Your response should contain exactly the lines running from the one with "X G R Esport Wolfpack Logo PNG image" to the end of the data below, both included, and no pictures.

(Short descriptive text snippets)
────────────────────────────────────────

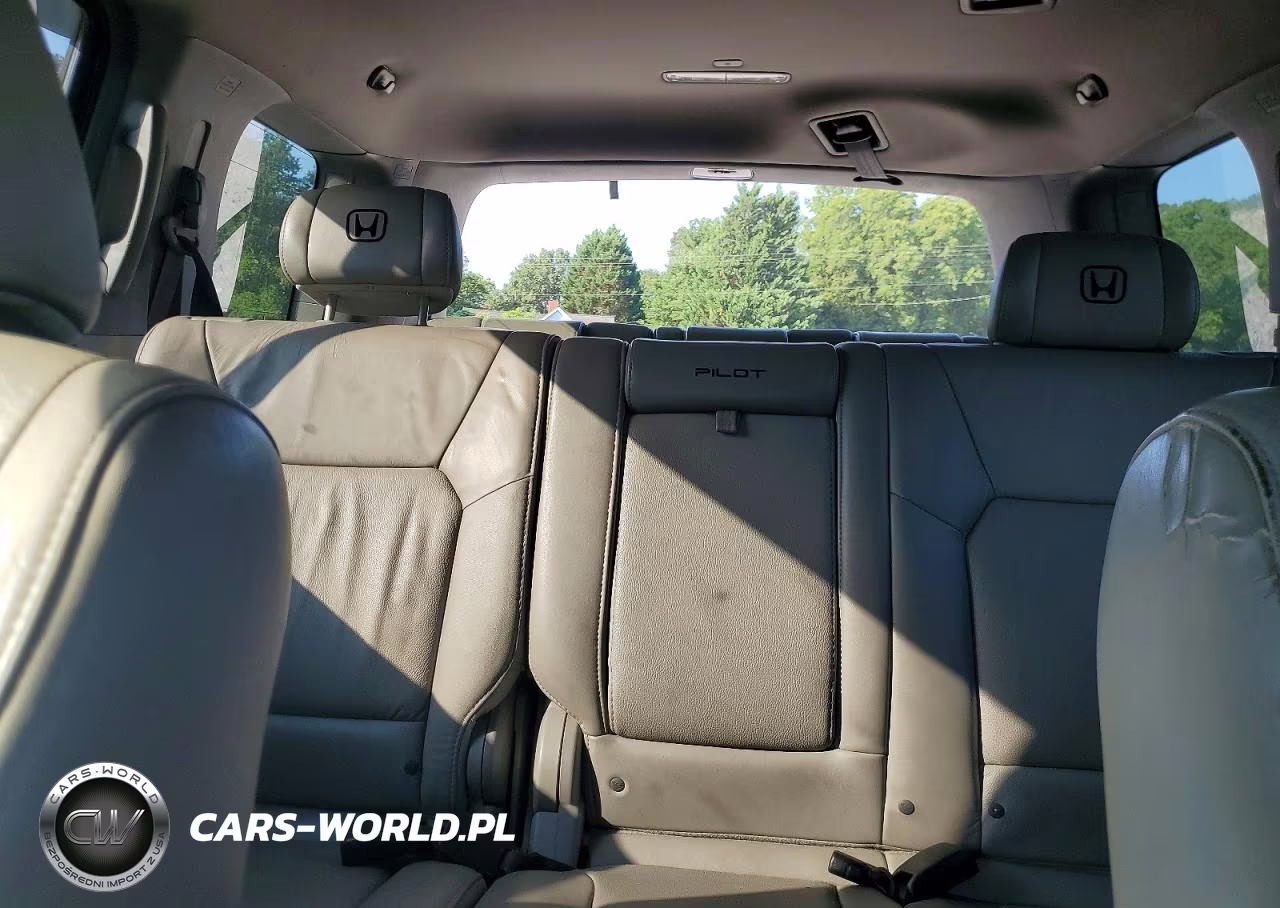 2011 Honda Pilot Exl VIN:5FNYF4H53BB026945 - 10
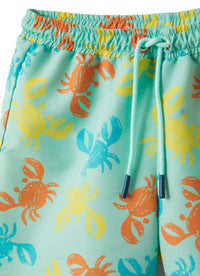 Costume con stampa granchi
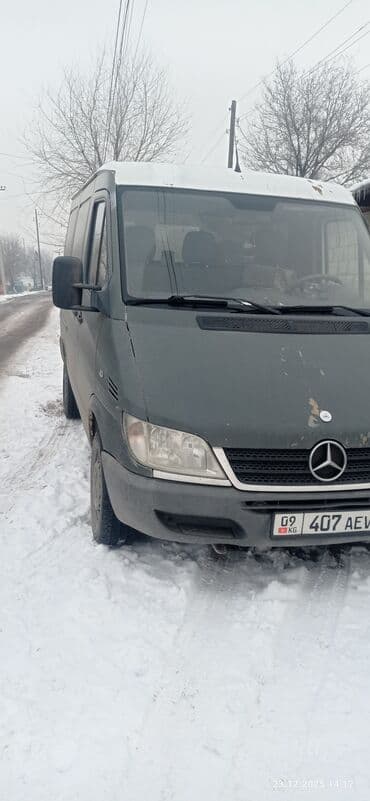 мерс 1520: Mercedes-Benz Спринтер: 2005 г., 2.7 л, Робот, Дизель, Фургон — 3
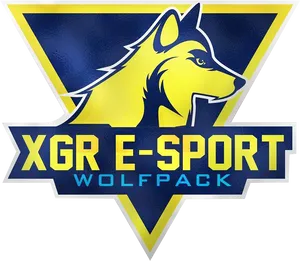 X G R Esport Wolfpack Logo PNG image
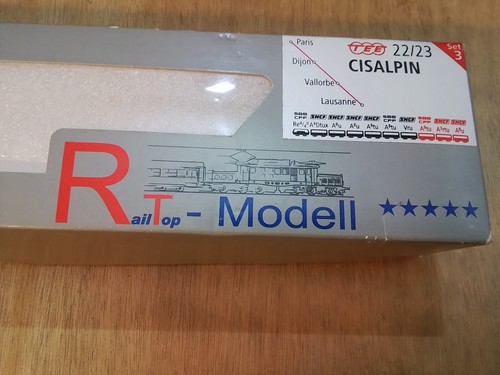 Railtop 86103 boite vide - ho., 86103.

────────────────────────────────────────

> _Task answer_:
 X G R Esport Wolfpack Logo PNG image
 Railtop 86103 boite vide - ho., 86103.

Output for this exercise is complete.